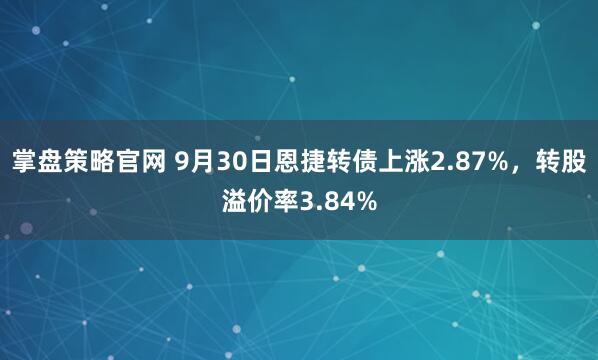 掌盘策略官网 9月30日恩捷转债上涨2.87%，转股溢价率3.84%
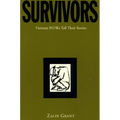 Survivors: Vietnam P.O.W.S Tell Their Stories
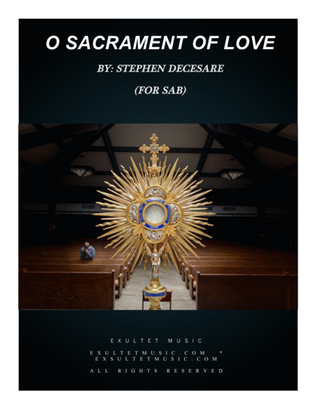 Book cover for O Sacrament Of Love (for SAB)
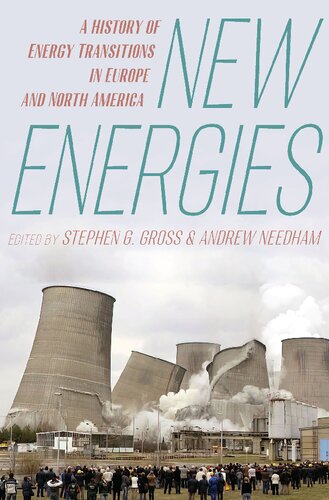 New Energies: A History of Energy Transitions in Europe and North America (PDF/EPUB Version)
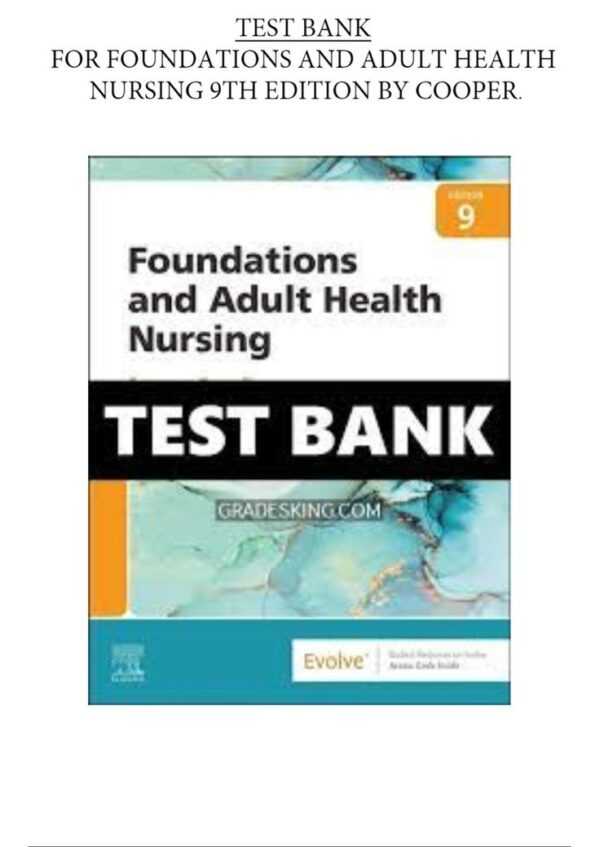 Test Bank for Foundations and Adult Health Nursing, 9th Edition (Cooper, 2023) Chapter 1-58  All Chapters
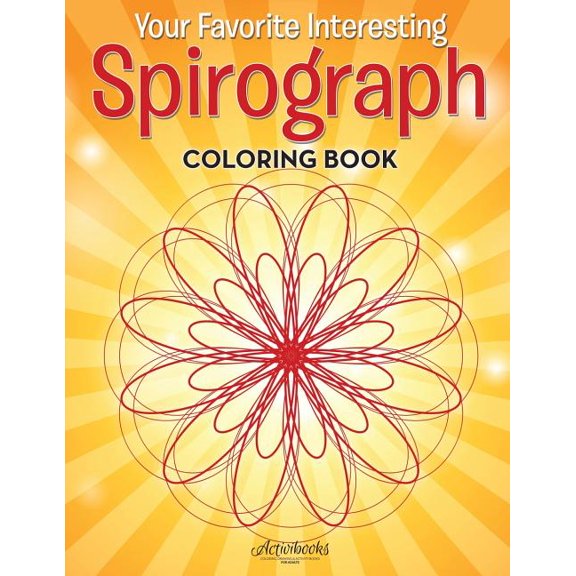Your Favorite Interesting Spirograph Coloring Book (Paperback)
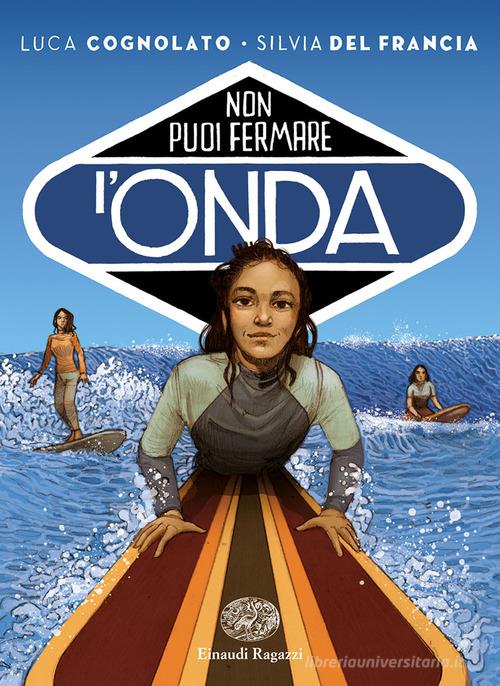 Non puoi fermare l'onda di Luca Cognolato, Silvia Del Francia edito da Einaudi Ragazzi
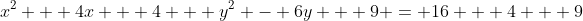 x^{2} + 4x + 4 + y^{2} - 6y + 9 = 16 + 4 + 9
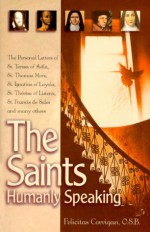 The Saints, Humanly Speaking: The Personal Letters of St. Teresa of Avila, St. Thomas More, St. Ignatius Loyola, St. Therese of Lisieux, St. Francis de Sales and Many More - Felicitas Corrigan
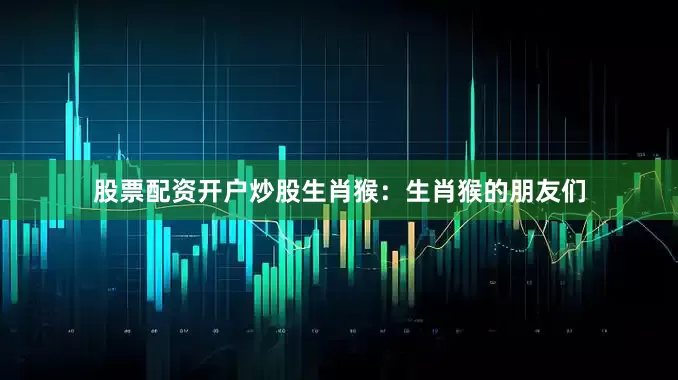 股票配资开户炒股生肖猴：生肖猴的朋友们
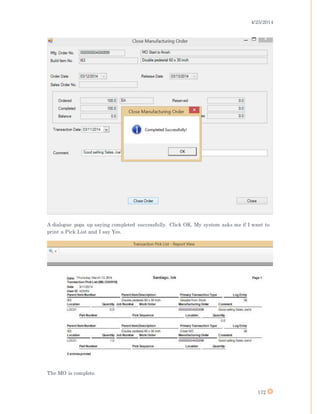 4/25/2014
172
A dialogue pops up saying completed successfully. Click OK. My system asks me if I want to
print a Pick List and I say Yes.
The MO is complete.
 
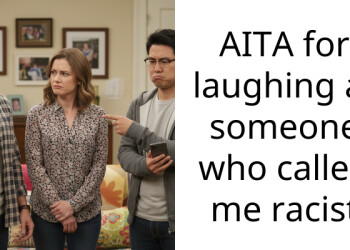 AITA for laughing at someone who called me r***st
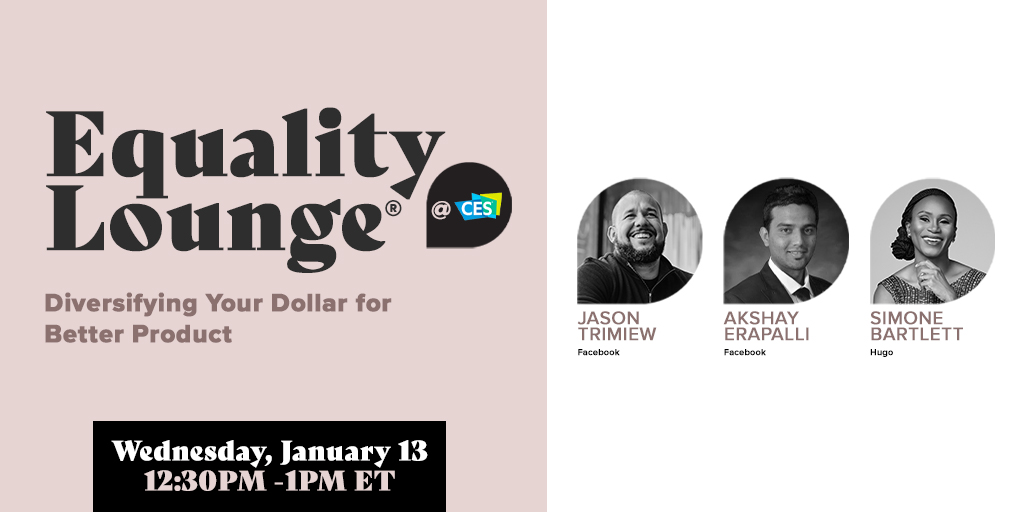 We know that more diverse teams will make better decisions and build better products. But how do you effectively diversify your spend with diverse suppliers around the world? Join us: #EqualityLounge #CES2021. bit.ly/3nyPrTy 

<a href="/CES/">CES</a> <a href="/Facebook/">Facebook</a> <a href="/JasonTrimiew/">Jason Trimiew</a> @HugoImpact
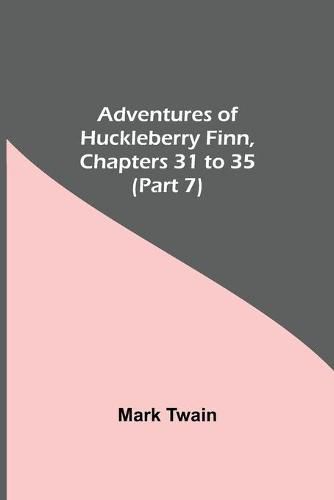 Cover image for Adventures Of Huckleberry Finn, Chapters 31 To 35 (Part 7)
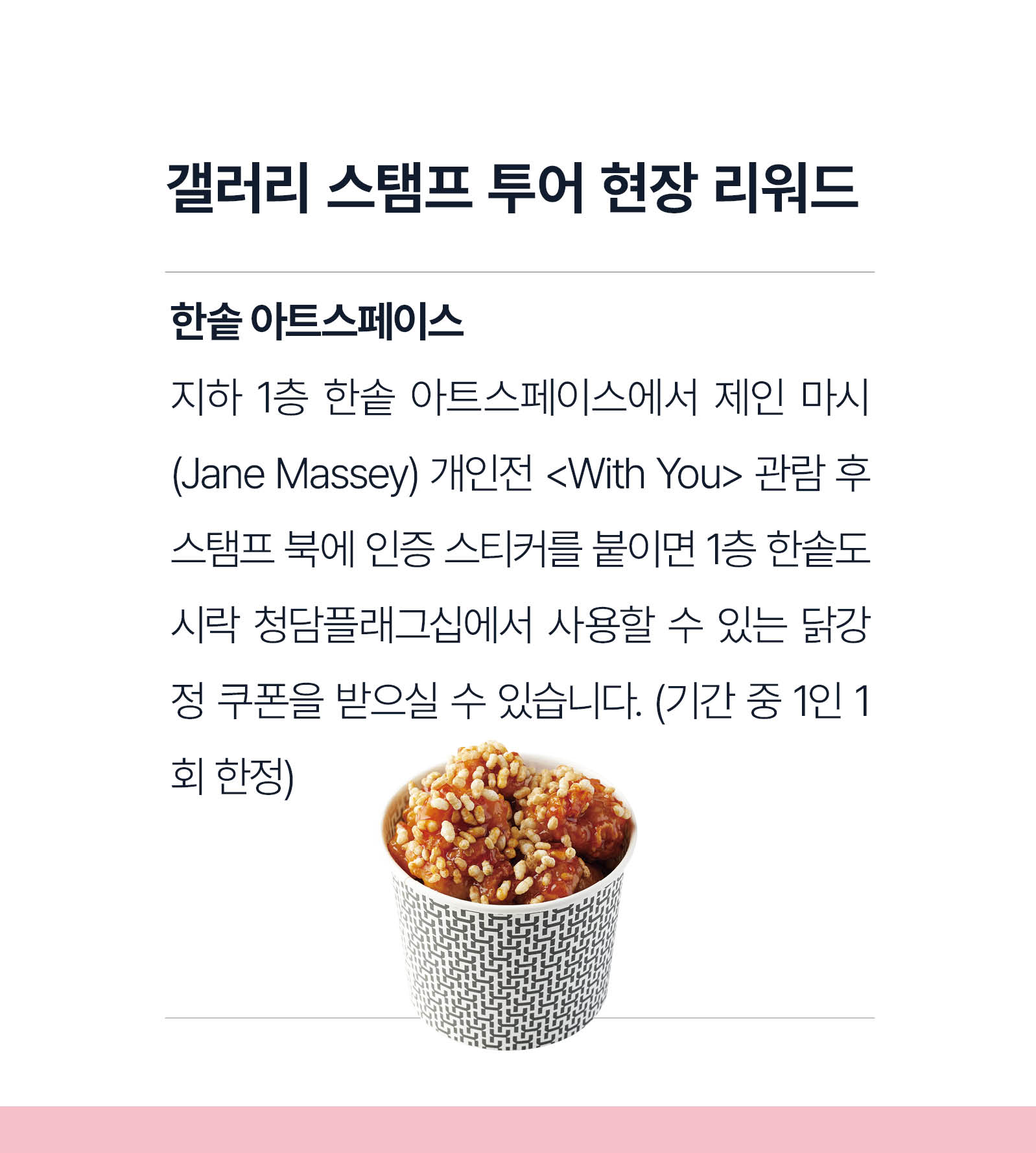 갤러리 현장 이벤트도 놓치지 마세요. 지하1층 한솥 아트스페이스에서 제인 마시(Jane Massey) 개인전 <With You> 관람 후 스탬프북에 인증 스티커를 붙이면 1층 한솥도시락 청담플래그십에서 사용할 수 있는 닭강정 쿠폰을 받으실 수 있습니다.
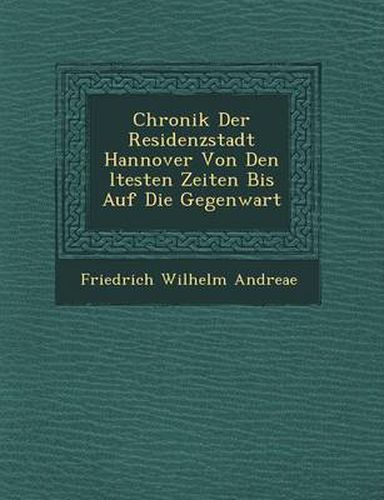 Chronik Der Residenzstadt Hannover Von Den Ltesten Zeiten Bis Auf Die Gegenwart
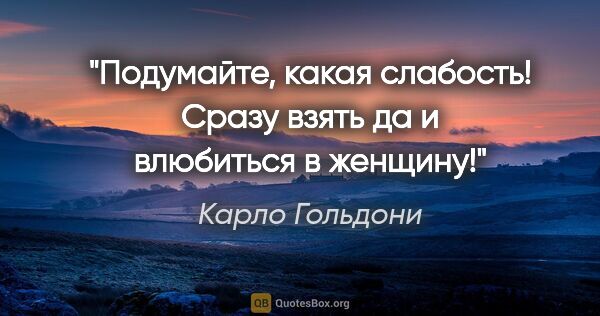 Карло Гольдони цитата: "Подумайте, какая слабость! Сразу взять да и влюбиться в женщину!"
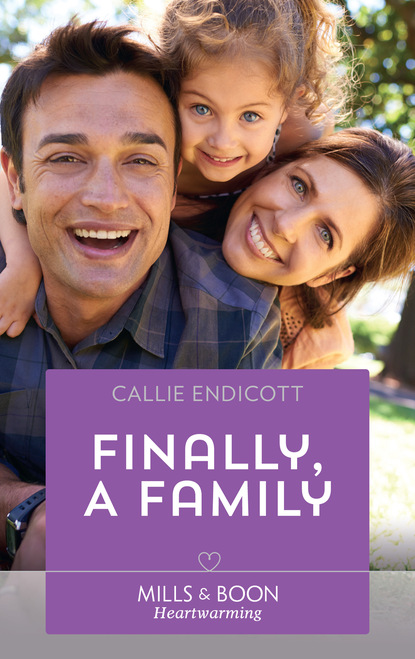 Callie Endicott - Finally, A Family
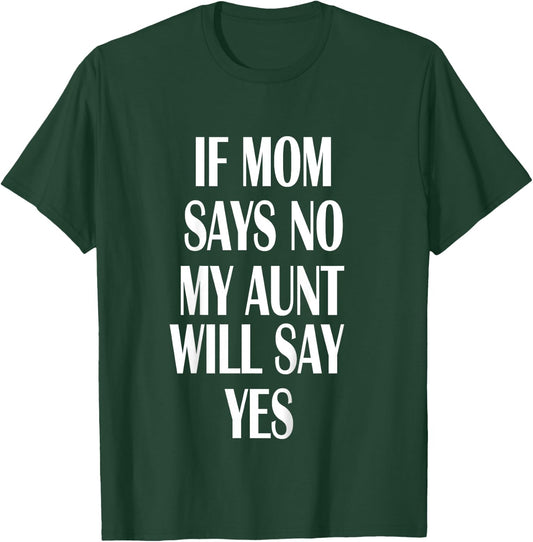 If Mom Says No My Aunt Will Say Yes Shirt For Kids Youths T-Shirt - T-Shirt | Forest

◆ **What the task requires**
Could you restate exactly the lines from the line containing "Callie Endicott - Finally, A Family" through the end of the listing, both ends included and nothing else, leaving the images out?

◆ **Solution to the exercise**
 Callie Endicott - Finally, A Family
 If Mom Says No My Aunt Will Say Yes Shirt For Kids Youths T-Shirt - T-Shirt | Forest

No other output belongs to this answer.